Thursday, October 23, 2008

A fitting end


So over the period of 12 weeks, I've averaged a wholesome number of 30 blog posts. For others it's probably give or take 5 to 10. I've mainly tried to focus on the design thought side, though the odd design rant has occurred. Now in relation to trying to get blogging to be a visual diary of sorts, depending on what you do, it may or may not have succeeded. Hand sketches seem far and few between, notes you take, or concepts you think about have about a day of fame before being resigned to the archive. In terms of achieving a design studio outside the studio, probably not as successful as it could have been. Perhaps the blogs could have been incorporated into a forum of sorts, actually throwing up ideas for all to see? Overall, probably a solid experiment, but in need of some tweaking.

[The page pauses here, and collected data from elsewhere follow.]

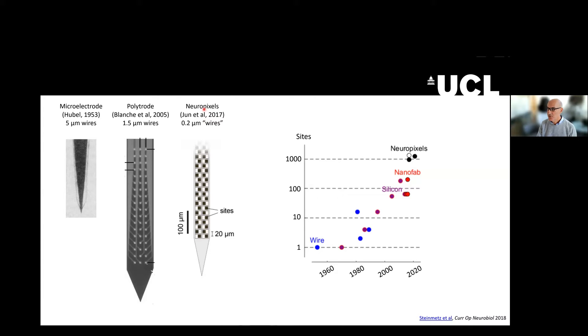In 2017, this Neuropixels probe was published, and here essentially the wires don't really exist as wires because now we're in the semiconductor world, but they are 0.2 microns wide, which is substantially smaller than the others. And this has led to an exponential growth in the number of recording sites per shank.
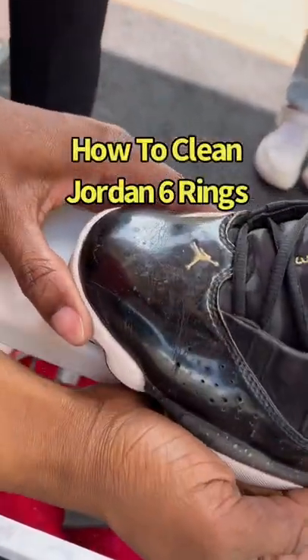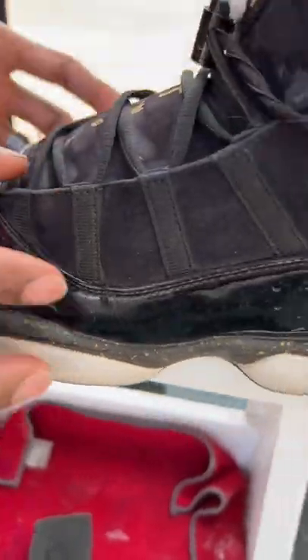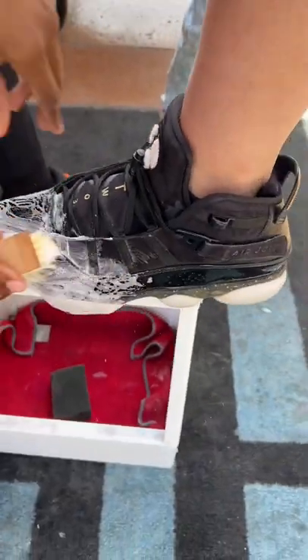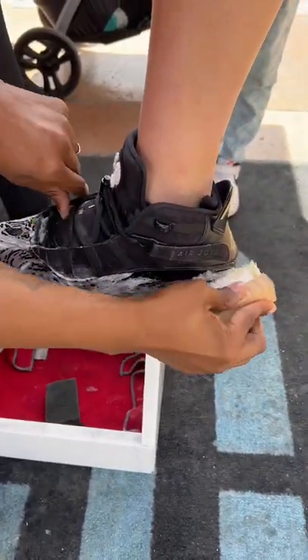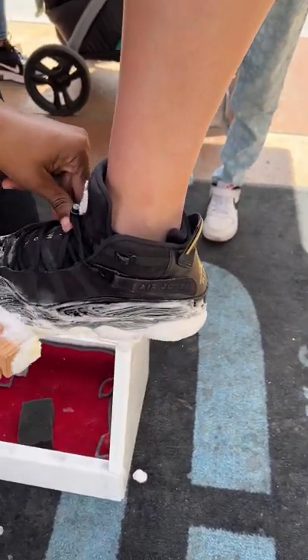You guys can see that he has a pair of Jordan Six Rings on. Now these have a lot of wearing tears, as you can see. It does clean any color, any material. Look at the soles already — you can start to see a lot of the light coming right back to them.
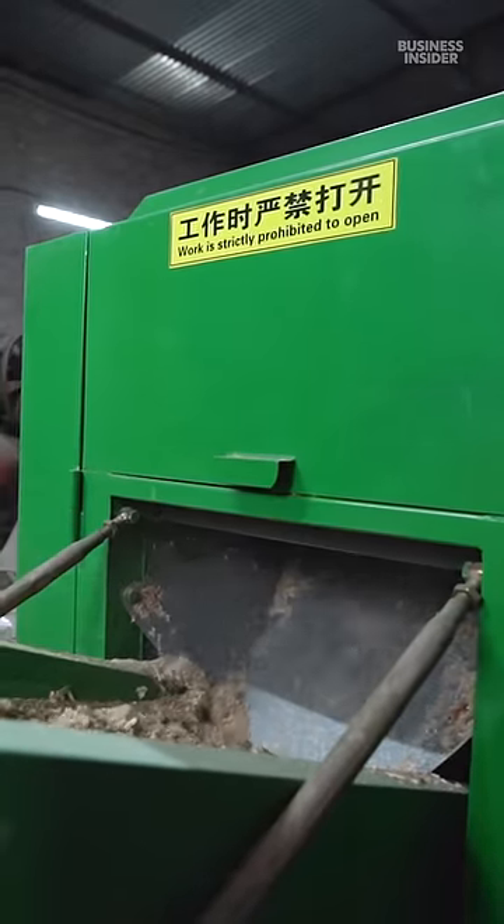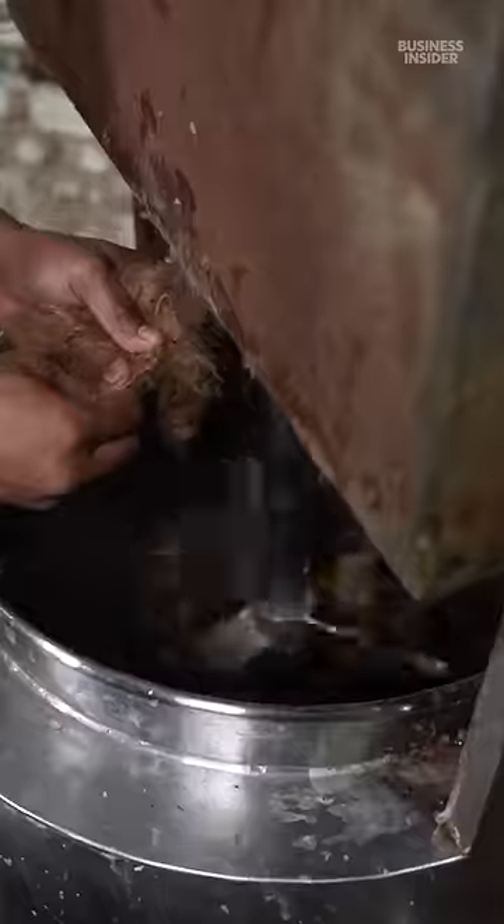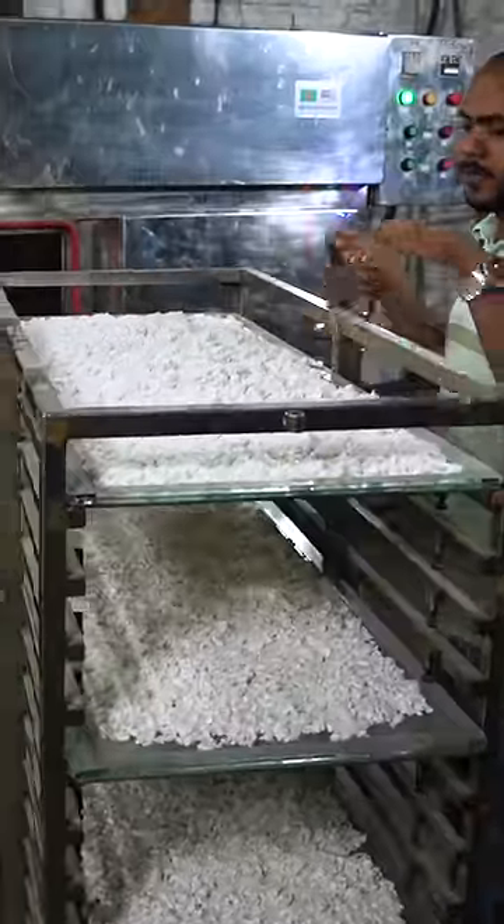First, raw jute fibers are shredded into 4-millimeter-sized bits. Then, they're mixed with some secret chemicals to extract the cellulose for about 4 hours. The leftover pieces are bleached and dried in an oven.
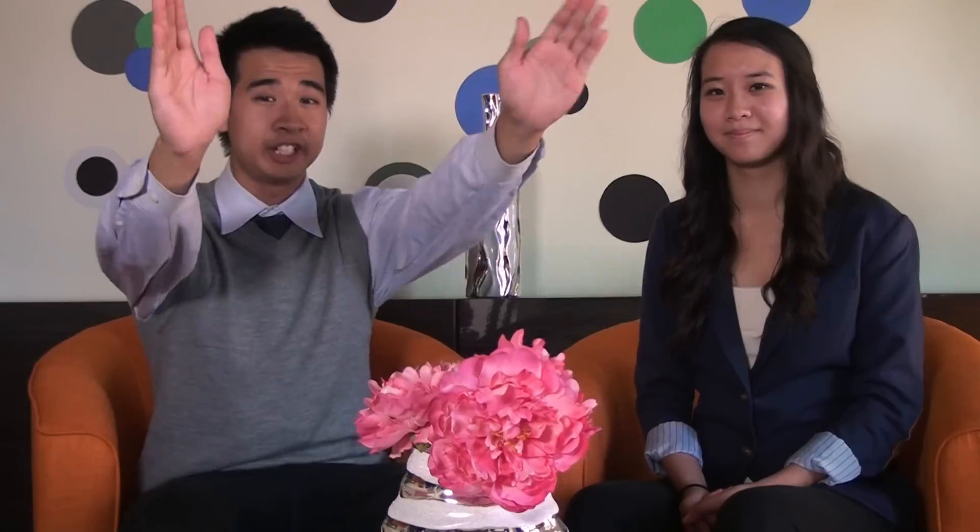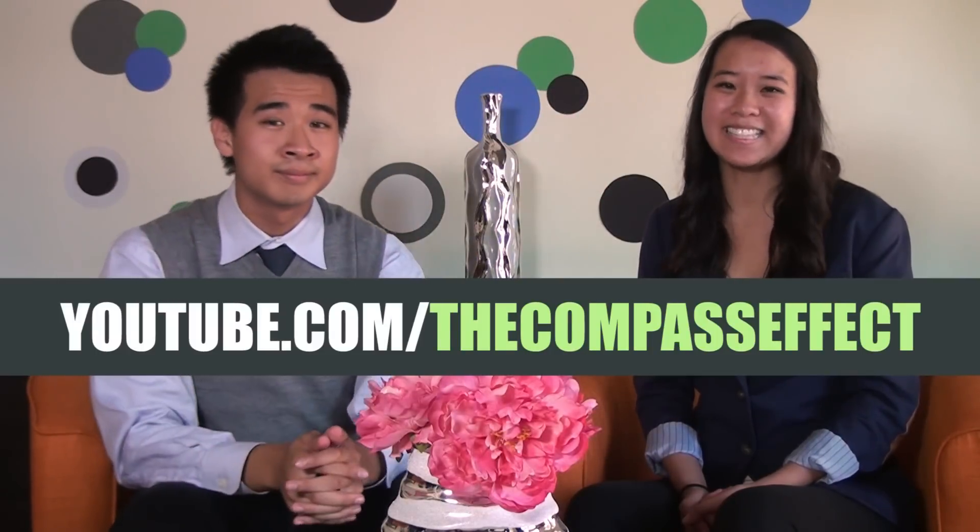Thank you, mom, for cooking dinner for us. It was delicious and for saving all of us college students — now we know what dish to cook. A very healthy, delicious, colorful dish. And that concludes this special episode of The Compass Effect. You can catch future segments on our YouTube page. Thanks for watching and see you next time.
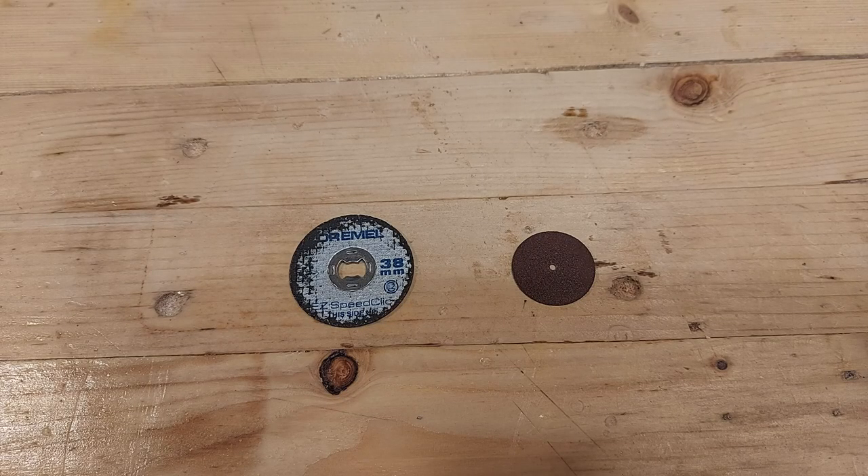When it comes to cutting wheels we have two main options: we have the reinforced ones and we have the smaller simpler cutting wheels. I never use the smaller cutting wheels because they have a tendency to break while you are cutting if you put a little bit too much pressure on them. So I always use the reinforced ones because they are way more reliable.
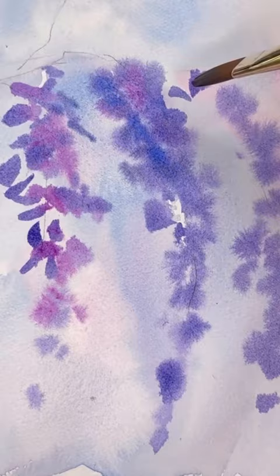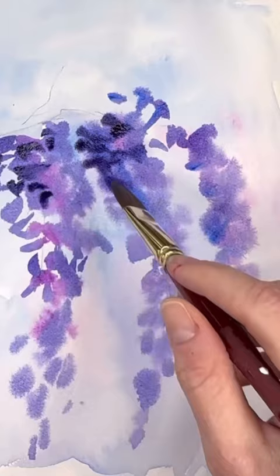The bottom layer would be more atmospheric with the wet on wet, and then keep going with top layer after layer with different tones of purples, pinks, blues, some deep blues and purples.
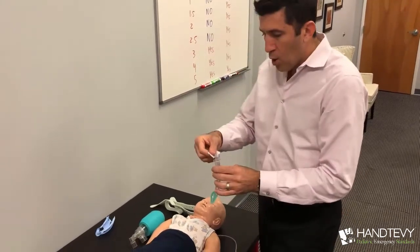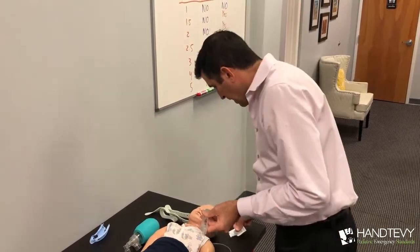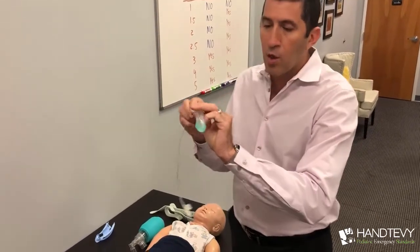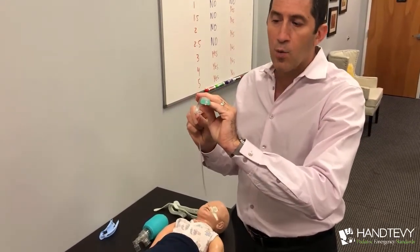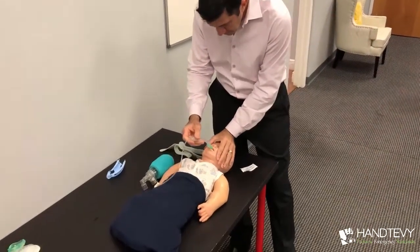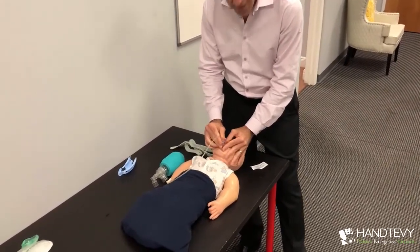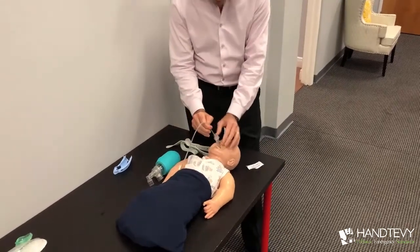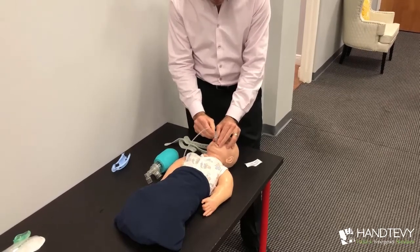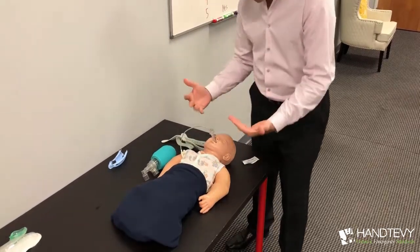Let's look at how we put the 1.5 into this child mannequin. We're going to put lube over the port, and we're going to put lube over the i-gel itself. Then we take the Salem sump — go all the way through it first so you know it gets through — then go right back to flush. Now we're going to insert it into the mannequin. It just inserts straight down until you meet resistance. At that point, you push the tube all the way down to the desired length — all the way down until it reaches the exact length we've measured.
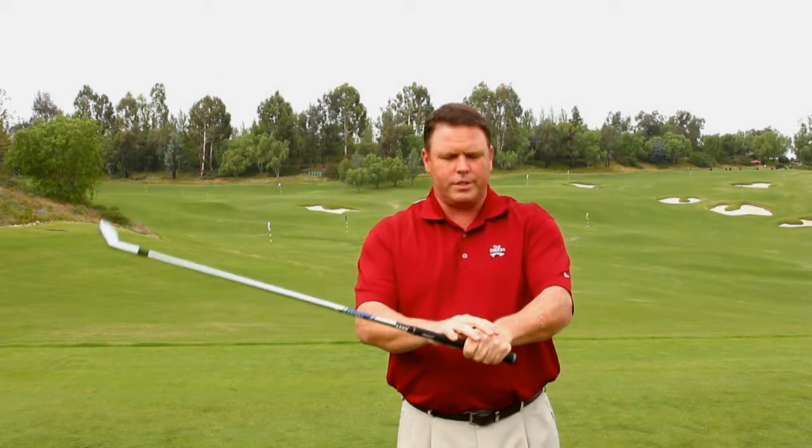The number one biggest issue we run into just starting off is people that have excessive grip pressure. When the wrists are tight, what that does is it tightens up the muscles connecting the wrists and the forearm, creates a lot of tension, and the wrist will not hinge freely at that point.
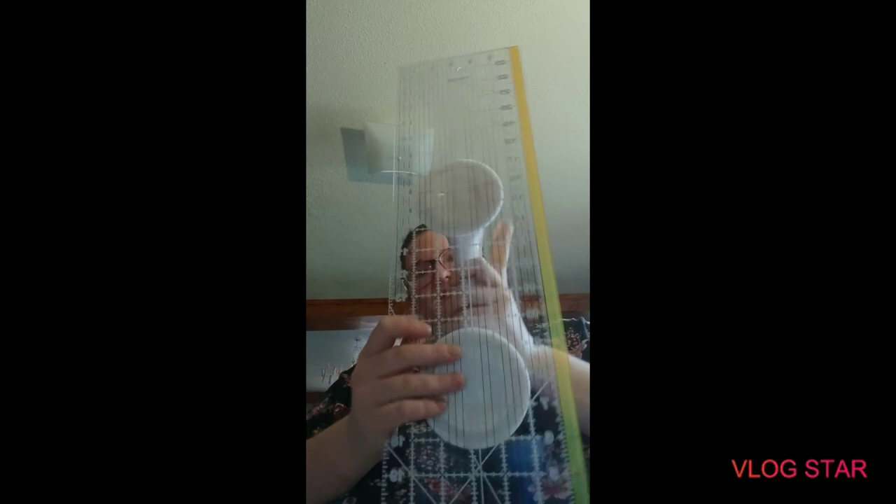I got an idea from one of my YouTubers, Arlene Michaud — she takes a shower handle gripper and sticks it on her acrylic ruler. It keeps it from sliding because it puts pressure on it pretty evenly, and it also keeps your fingers out of the way from being cut, since it's a good inch and a half in, keeping hands safe from any future problems.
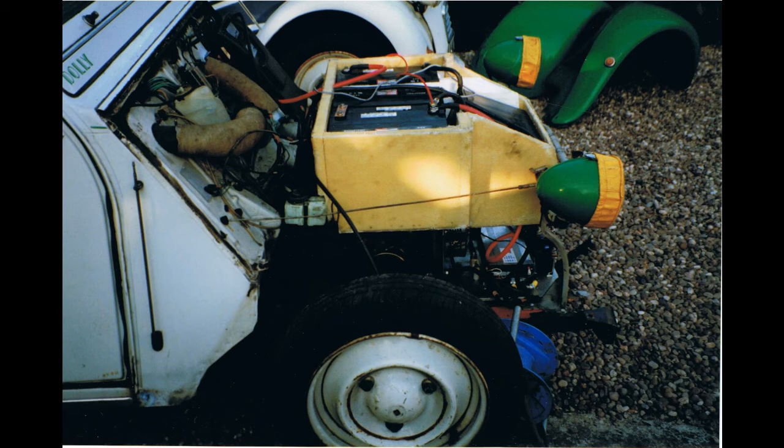Also on the bulkhead is the battery charger - the battery charger was from a forklift truck, just like the speed controller actually. There is also an emergency stop button which goes through the bulkhead into the cabin with a big red button on it. So the layout at the front of the car: the motor, the speed controller in front of it, on top a fiberglass box with the batteries, the charger on the bulkhead, and the e-stop going through the bulkhead.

On a different rant, a curious thought occurred in a discussion. Now on one side of the design spectrum, if you know what you want to say, through a material for example, you can push and push it forward until you've realised your design. On the other side, if the lecturer deems that it's not deep enough, and throws your world upside down by offering you more pathways to explore this would probably leave you at a loss, as it did to me. Week after week, your design concepts, even if you've explored them at a relative depth, if they are rejected, you end up making a concept a week. So for the 6 to 7 odd weeks you would have made 5 to 6 roughly finalised concepts. Ok, even if you've made 3 to 4 concepts a week, there's probably one you prefer, and if that one is rejected, you'll be needing to head in a different direction. I suppose what I'm aiming to get across would be, could it be more productive if we had 2 projects in the 7 weeks? I don't think the outside would is as leisurely as Uni.

Mm, oh and studio in the middle of the week is probably not the best plan of action. 1 possibly 2 days to refine an idea, then the weekend without workshop open so you can't test the idea if you don't have access to your own modelling equipment, then another 2 days to churn out the model you should have done during the weekend but couldn't. I don't know, may others think this it totally ridiculous but that's my 2 cents and I don't think many people pay attention anyways.

Speaking of paying attention, apparently during the marking of the latest studio project, some people's drawings/rationales/boards etc were perfectly orientated after marking. Sus?

Reiterating what I said in a prior post, they say that you have to have an optimistic and a positive outlook if you're to design effectively. But with all that anticipation and worrying of "oh is my tutor going to like it?", "oh what am I going to do if they don't?", "oh have I put enough thought into this? [Which probably comes from research because I honestly don't think many of us have that much design experience]" - how are we exactly supposed to do that? Anxiety and stress are either our drivers or our handicaps.

I have a foreboding feeling I'm going to be seeing the inside of class 2b again next year. Who wants to bet that I do? Safest bet in the world.